Proving Determinant(AB)=det(A)det(B)

[touch the sky]

Homework Statement

the problem is to prove that determinant(AB)=det(A)det(B)

Homework Equations

i don't think there is any equation. :(

The Attempt at a Solution

i can figure it out by taking arbitrary elements in rows and columns , but i was wondering if i can prove it in a more elegant way.
thanks a lot!

 

[Inferior89]

You can use a few different methods.
One way is to say that an invertible matrix is the product of elementary matrices, use some knowledge about determinants of elementary matrices (det(EA) = det(E)det(A) if E is elementary.) and do an induction proof.There is also another way where you need to know that:

You can turn a square matrix into a triangular matrix that doesn't change the determinant (up to a sign change).

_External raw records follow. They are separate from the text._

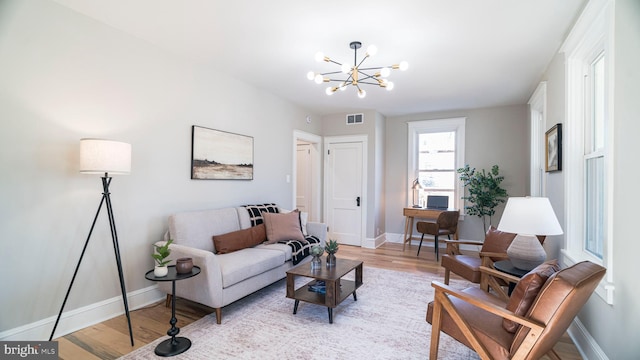 living area featuring baseboards, light wood-type flooring, visible vents, and a notable chandelier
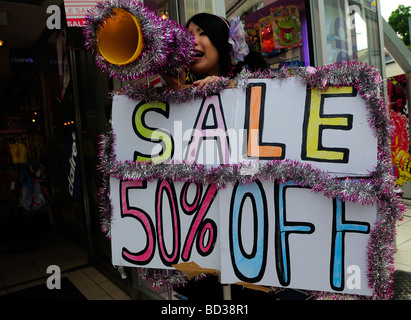 Young Japanese woman announce sales at a shop in downtown Tokyo Japan Stock Photo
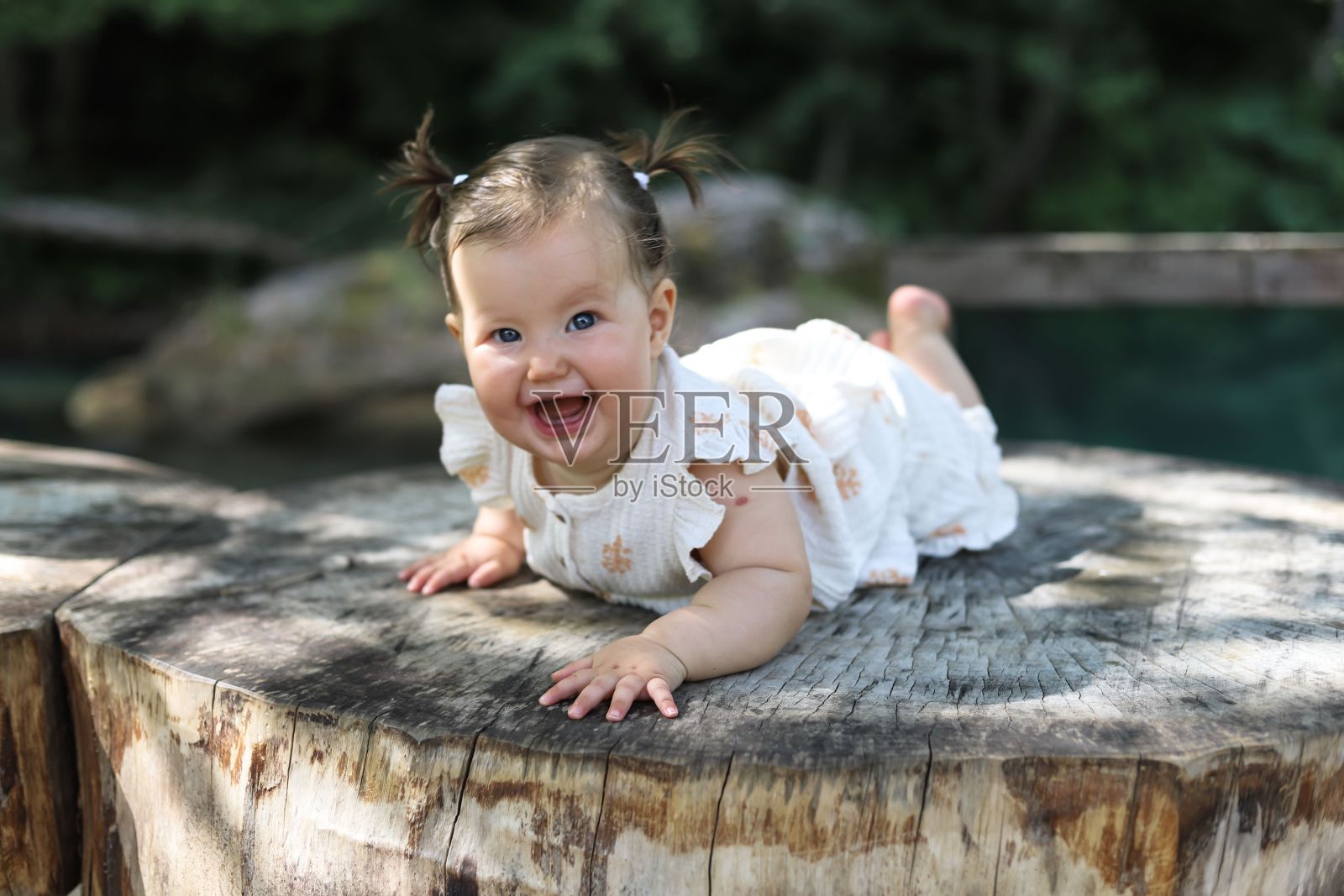 一个可爱的女婴在树干上涂鸦,后面有树和一条河照片摄影图片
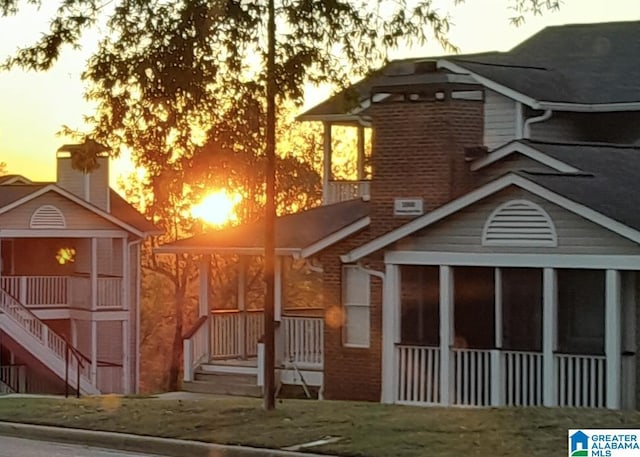 rear view of house with brick siding and a sunroom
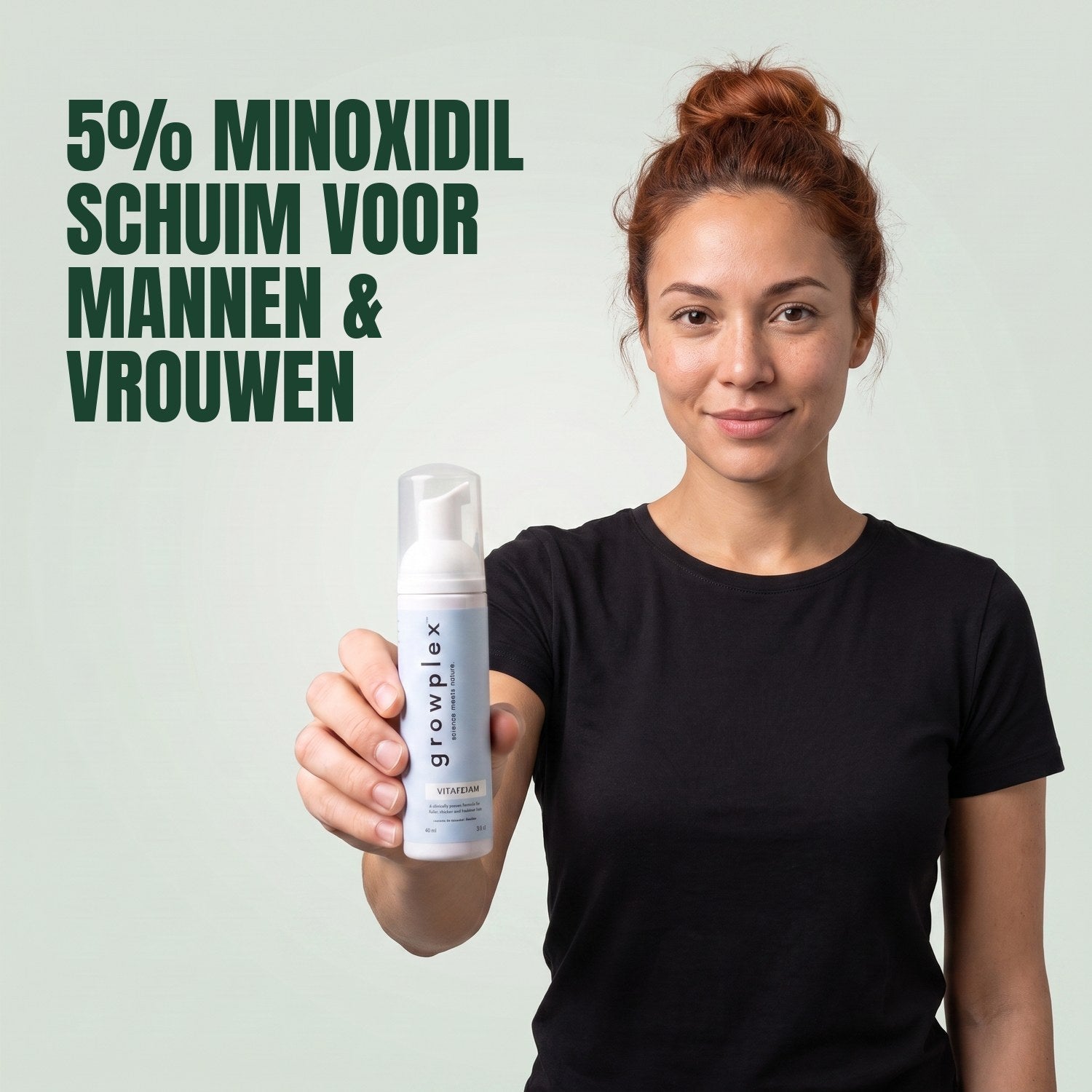 Woman holding the Growplex VitaFoam minoxidil 5% foam bottle against a green background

The product of two triangular matrices is also triangular.

The determinant of a triangular matrix is the product of the diagonal elements.

 

[Susanne217]

Homework Statement

the problem is to prove that determinant(AB)=det(A)det(B)

Homework Equations

i don't think there is any equation. :(

The Attempt at a Solution

i can figure it out by taking arbitrary elements in rows and columns , but i was wondering if i can prove it in a more elegant way.
thanks a lot!

When I was a little girl I used to ask these types of question all the time, but discovered if you first read the paragraphs then you discover something wonderful like.

The property that $$det(AB) = Det(A) \cdot Det(B)$$ can be proven using standard operations.
You remember that $$AB =[a_1, a_2,\ldots a_n] \cdot B$$ if you then take the Det on both sides of the equality You will get $$Det(AB) = Det([a_1, a_2,\ldots a_n]) \cdot Det(B)$$ this fact works on both singular and non-singular cases.

Enjoy :)

 

[HallsofIvy]

When I was a little girl I used to ask these types of question all the time, but discovered if you first read the paragraphs then you discover something wonderful like.

The property that $$det(AB) = Det(A) \cdot Det(B)$$ can be proven using standard operations.
You remember that $$AB =[a_1, a_2,\ldots a_n] \cdot B$$

This doesn't make any sense if you don't say what "$a_1$", "$a_2$", etc. are to start with! Are they rows of A or columns of A? And what do you mean by that product?

if you then take the Det on both sides of the equality You will get $$Det(AB) = Det([a_1, a_2,\ldots a_n]) \cdot Det(B)$$ this fact works on both singular and non-singular cases.

Enjoy :)

 

[Susanne217]

This doesn't make any sense if you don't say what "$a_1$", "$a_2$", etc. are to start with! Are they rows of A or columns of A? And what do you mean by that product?

You are right :)

$$a_1, a_2, \cdots a_n$$ are row in the matrix A. I also forgot to mention for this be allowed then A and B must live up to the row column rule :)